Impact and Responsibility in Giving Behavior: A Replication and Extension

Abstract

Do donors prioritize utilitarian considerations and mostly care about how much a donation improves well-being, or do they prioritize equity-and-desert considerations and mostly care about whether recipients are to blame for their predicaments? Eberhardt Hiabu et al. (2025) provide the first direct empirical comparison of these two motives behind giving behavior, drawing on data from a television show in which audience members allocate €10,000 among three financially distressed candidates, combined with structured evaluations by independent raters. They find that perceived impact on well-being plays a larger role in donation decisions than perceived personal responsibility. The present paper replicates and extends that analysis. First, we replicate the main findings employing more raters per case and a simplified impact measure. Second, we extend the analysis by also eliciting raters’ individual willingness to donate, and linking these stated propensities to their own perceptions of impact and responsibility.
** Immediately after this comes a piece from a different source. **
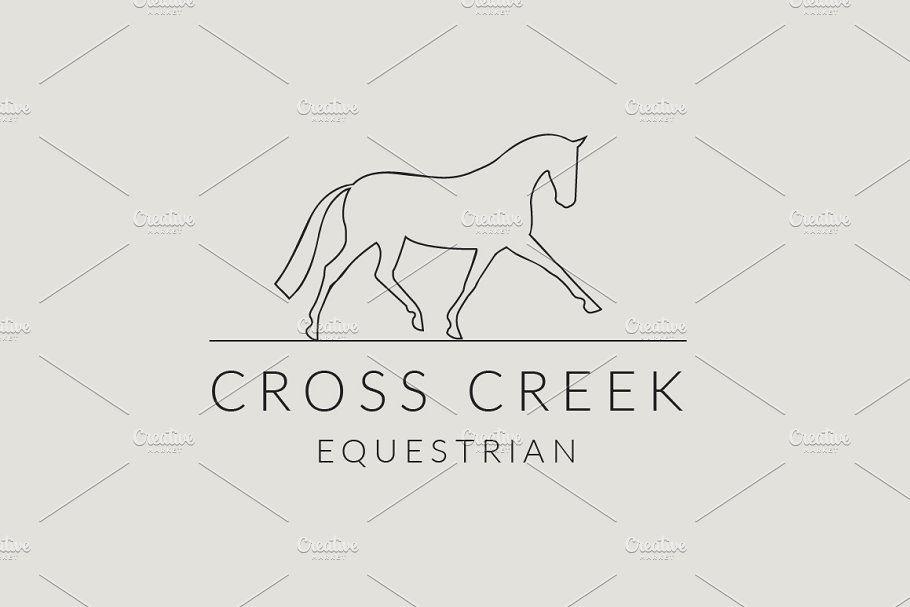 Equestrian Logo - Dressage Horse Equestrian Logo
In both analyses, impact is a stronger predictor of giving than responsibility, and dominance analysis confirms its greater explanatory power. Furthermore, we find that the patterns for male and female raters’ willingness to donate are similar. Altogether, the results offer robust evidence that donation decisions are influenced by both utilitarian and equity-and-desert-based considerations, and that utilitarian thinking tends to dominate.